Pour lui, la situation ne s'est jamais présentée. Y compris lorsqu'il était en formation à Toulouse, alors que son père "Gigi" entraînait l'équipe A. Le père-coach "ne lui a jamais fait de cadeau ou quoi que ce soit. Je n'avais aucun statut, j'étais comme les autres", se souvient-il.
D'autres ont cherché à tout prix à éviter le soupçon de favoritisme. C'est le cas d'Henri Stambouli, ancien joueur de Monaco et de Marseille, et fier paternel du milieu de Tottenham, Benjamin. "La différence avec Grégoire", expose-t-il à l'AFP, "c'est qu'il y a un lien direct."
"Alors que j'ai joué à Monaco et à Marseille, Benjamin a été testé à Montpellier. Je l'ai mis dans un endroit où je n'étais pas passé, sinon c'est sûr qu'on aurait dit qu'il était là parce que c'était +le fils de Stambouli+", explique l'actuel directeur de la formation du club héraultais, où il est arrivé en 2013, alors que Benjamin "était déjà bien installé chez les pros".
Mais le lien direct, "c'est très dur", poursuit-il. "Je l'ai un peu vécu, entre guillemets, avec mon beau-père", Gérard Banide, lui-même entraîneur de Monaco et de Marseille. "Ca allait parce que j'étais gardien remplaçant, mais quand je jouais, je sentais qu'on pouvait dire que je jouais parce que j'étais le beau-fils de."
- 'Le mec est blindé' -
Une pression supplémentaire, pas forcément méritée aux yeux de Landry Chauvin. "Ca me fait doucement sourire, l'attitude des supporters niçois", confie à l'AFP l'ancien entraîneur de Brest ou Sedan. "L'an dernier", alors que l'équipe réalisait une belle saison, "personne n'a eu le moindre souci avec le fait que Grégoire (Puel) joue".
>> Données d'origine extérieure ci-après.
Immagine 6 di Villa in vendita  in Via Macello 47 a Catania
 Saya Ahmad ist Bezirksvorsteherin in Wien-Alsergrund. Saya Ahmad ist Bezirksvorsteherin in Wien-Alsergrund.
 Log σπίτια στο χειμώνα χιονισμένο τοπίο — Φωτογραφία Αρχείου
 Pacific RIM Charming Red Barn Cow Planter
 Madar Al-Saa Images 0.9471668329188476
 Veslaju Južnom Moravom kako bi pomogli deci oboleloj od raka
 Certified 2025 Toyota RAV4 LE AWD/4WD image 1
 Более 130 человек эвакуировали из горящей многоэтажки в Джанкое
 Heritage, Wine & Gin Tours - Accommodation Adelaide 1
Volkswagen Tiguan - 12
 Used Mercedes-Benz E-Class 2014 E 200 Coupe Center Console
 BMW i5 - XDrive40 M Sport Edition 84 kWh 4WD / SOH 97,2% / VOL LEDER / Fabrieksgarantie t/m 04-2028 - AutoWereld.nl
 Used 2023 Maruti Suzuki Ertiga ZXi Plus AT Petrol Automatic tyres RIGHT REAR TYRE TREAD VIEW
Directeur du centre de formation de Rennes, il a vécu une autre situation délicate : celle de Yoann Gourcuff, arrivé au Stade rennais dans les bagages de son père Christian en 2001.
"Yoann a été très costaud dans sa tête, parce que les résultats" de son père "étaient compliqués au départ, et je sais d'expérience que les entraîneurs professionnels sont beaucoup critiqués. Lui était très hermétique", explique Chauvin.
Au point d'y voir une force : "le club qui va recevoir Grégoire recevra quelqu'un de sacrément costaud", estime-t-il. "Je le vois faire une grande carrière, parce qu'aujourd'hui, le mec est blindé."
Et le statut de "fils de" présente un autre avantage : "dans le cas de Yoann (Gourcuff), on n'avait pas besoin de s'immiscer dans l'extra-sportif", explique Chauvin.
"Benjamin était à bonne école", abonde Henri Stambouli. "On a eu des discussions constructives sur sa progression, et avec son grand-père, il avait le retour d'un grand entraîneur sur des points très précis."
"Peut-être qu'au début ça m'a pesé", conclut Thibault Giresse. "Mais j'essayais de me mettre dans une bulle et de ne pas faire attention à ce qui se disait. Et maintenant on me pose beaucoup moins la question. J'ai fait mon propre chemin." A Grégoire Puel de trouver le sien.